It would not be unreasonable to expect good music from a romantic drama that features two gorgeous looking actors and is backed by heavyweights like Karan Johar (Dharma Productions), Ritesh Sidhwani and Farhan Akhtar (Excel Entertainment). ‘Baar Baar Dekho’, directed by debutante Nitya Mehra, was supposed to have music scored by Amit Trivedi. Trivedi had started working on the film and had even composed a couple of tracks when the makers felt that while the tracks complimented the narrative of the film, they were not the kind that would set the charts on fire. The recently released soundtrack of the film features the names of six composers, namely, Amaal Mallik, Jasleen Royal, Arko, Bilal Saeed, Prem Hardeep and Badshah.
Though Amit Trivedi left the film, his presence can be felt in “Kho Gaye Hum Kahan”, a song that has the, indipop sound, which had a niche audience back then, popularised by him in the Hindi film music vicinity. One is not sure how well would Jasleen Royal and Prateek Kuhad’s childlike voices suit Katrina Kaif and Sidharth Malhotra but they bring an innocent charm to the song. With a simple tune and minimal arrangements, the song leaves a calming effect on you but it is not the kind of song that one would like to hear on a loop. The composition is not bad but it sounds like several of those tracks that a lot of young musicians release on the internet these days.

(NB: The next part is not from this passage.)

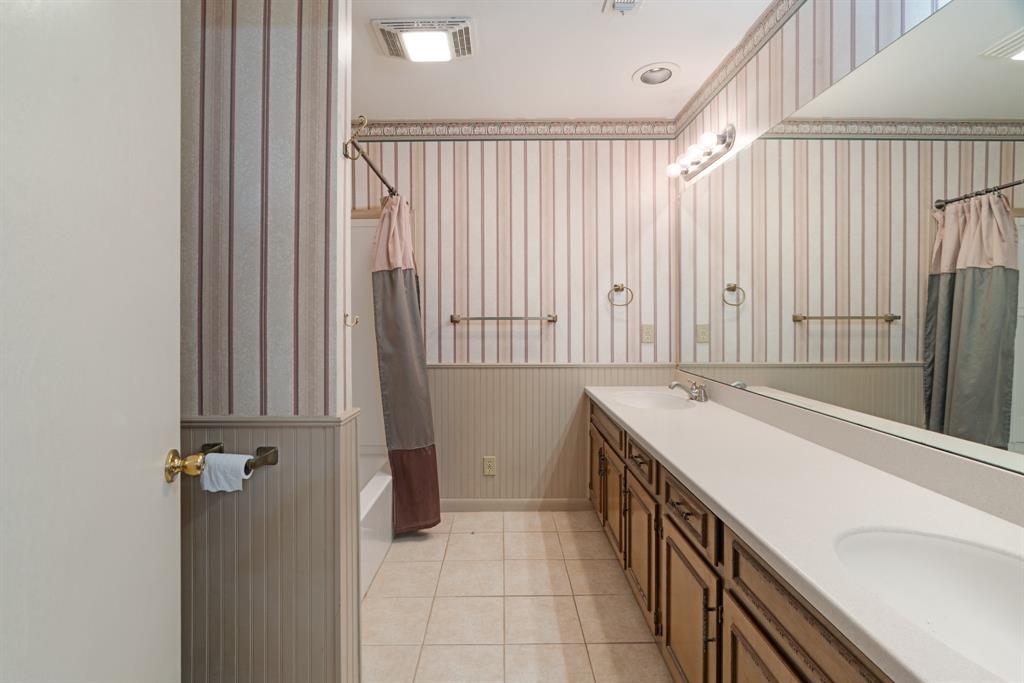 695 20th Street Property Photo 13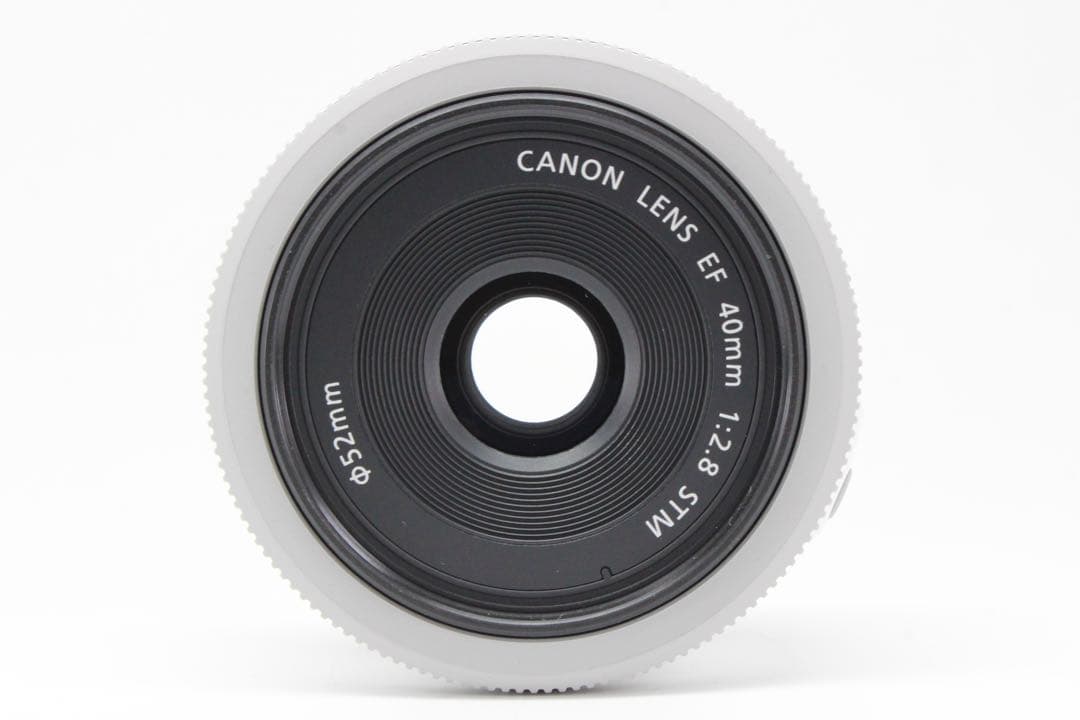 美品❤️Canon 単焦点レンズ EF40mm F2.8 STM ホワイト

“Sau Aasmaan”, Amaal Mallik’s sole contribution to the soundtrack, starts with banjo-led arrangements which lend a country music feel to the song. Soon enough, the track starts sounding like a mellow, watered down version of the composer’s own “Sooraj Dooba Hain” (Roy). The EDM base and the tune make it difficult for one to refrain from comparing the two songs. In spite of the obvious similarities, the song manages to leave a mark and serves its purpose of depicting the love between a newlywed couple out on a honeymoon. Neeti Mohan and Armaan Malik, who had earlier co-sung “Tumhe Apna Banane Ka” (Hate Story 3), complement each other’s voices quite well.
Arko puts together hummable and easily likeable tune for “Dariya”, which he also writes and sings himself. In the past, he had brought down a couple of his compositions by writing lyrics in Hindi/Urdu which reeked of numerous grammatical errors. This time, for a song, laced with Punjabi words, he sticks to simple, heard-before verses and does well as a vocalist and a composer. Dariya sounds too pop-ish to fit into a Hindi film soundtrack. Also, the track carries a slightly dated sound. Having said, the tune is easy on the ears and that helps the song sail through.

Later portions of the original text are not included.